* [Exercise instructions] Your answer should hold only the lines from the start of the data below through the line with "Rare — cool", copied exactly, with pictures left out.

* [Data block]

------------------------------------------------------------------------

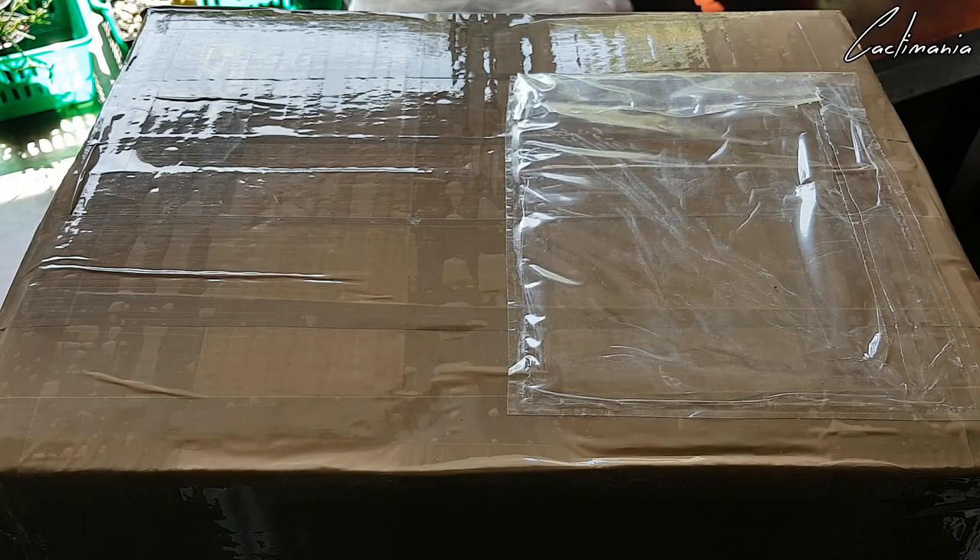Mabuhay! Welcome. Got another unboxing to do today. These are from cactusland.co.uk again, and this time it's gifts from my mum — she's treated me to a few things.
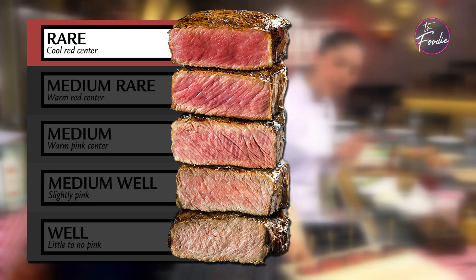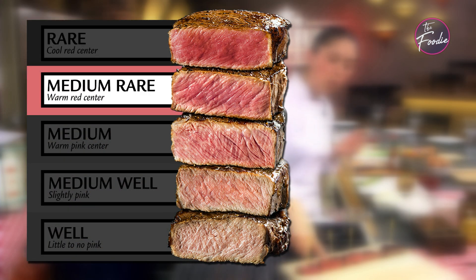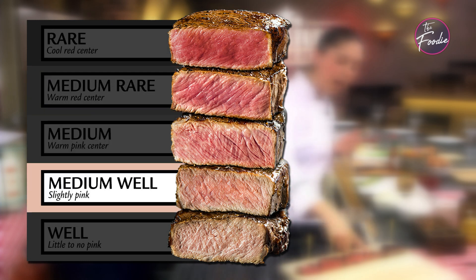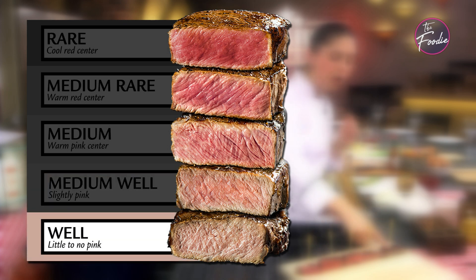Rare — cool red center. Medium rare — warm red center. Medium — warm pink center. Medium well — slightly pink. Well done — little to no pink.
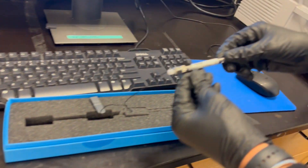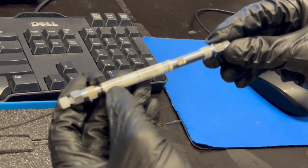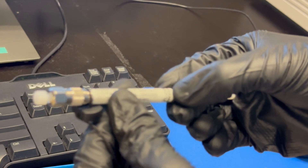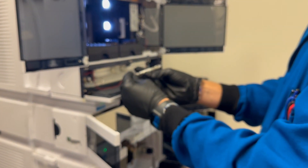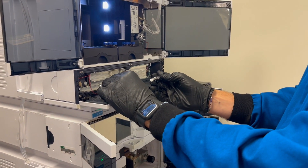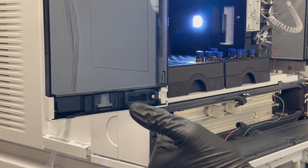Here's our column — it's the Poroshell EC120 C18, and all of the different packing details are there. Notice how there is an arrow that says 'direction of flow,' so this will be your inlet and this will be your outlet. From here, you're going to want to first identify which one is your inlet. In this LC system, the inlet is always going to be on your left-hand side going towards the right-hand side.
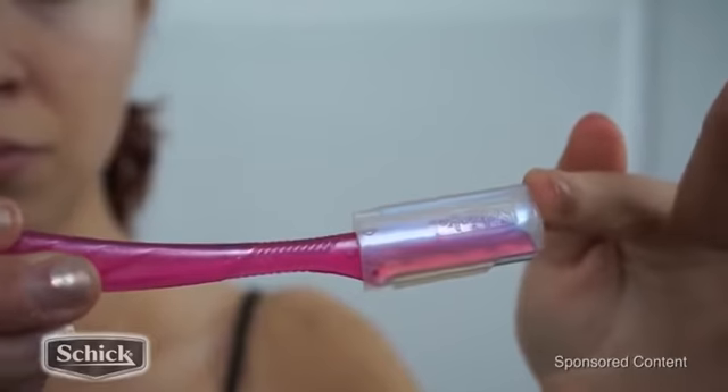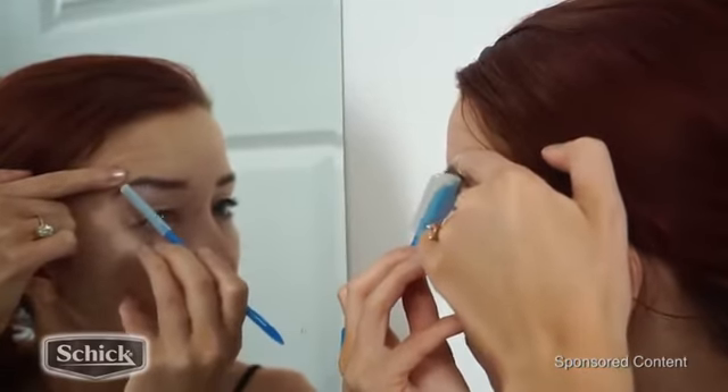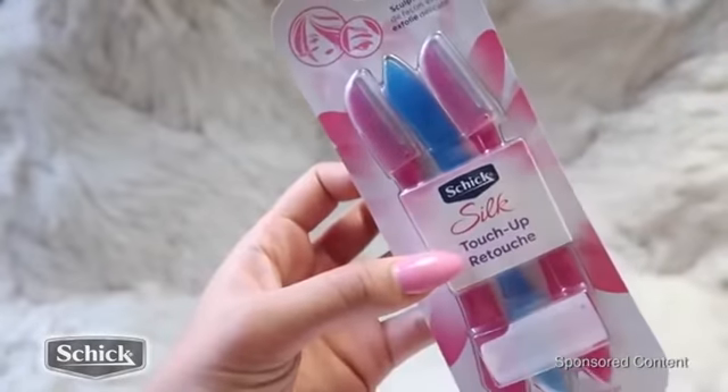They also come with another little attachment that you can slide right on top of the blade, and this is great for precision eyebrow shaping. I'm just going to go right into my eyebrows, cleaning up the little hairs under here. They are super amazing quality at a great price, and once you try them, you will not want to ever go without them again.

------------------------------------------------------------------------

* [Written answer]
Mabuhay! Welcome. Got another unboxing to do today. These are from cactusland.co.uk again, and this time it's gifts from my mum — she's treated me to a few things.
Rare — cool red center. Medium rare — warm red center. Medium — warm pink center. Medium well — slightly pink. Well done — little to no pink.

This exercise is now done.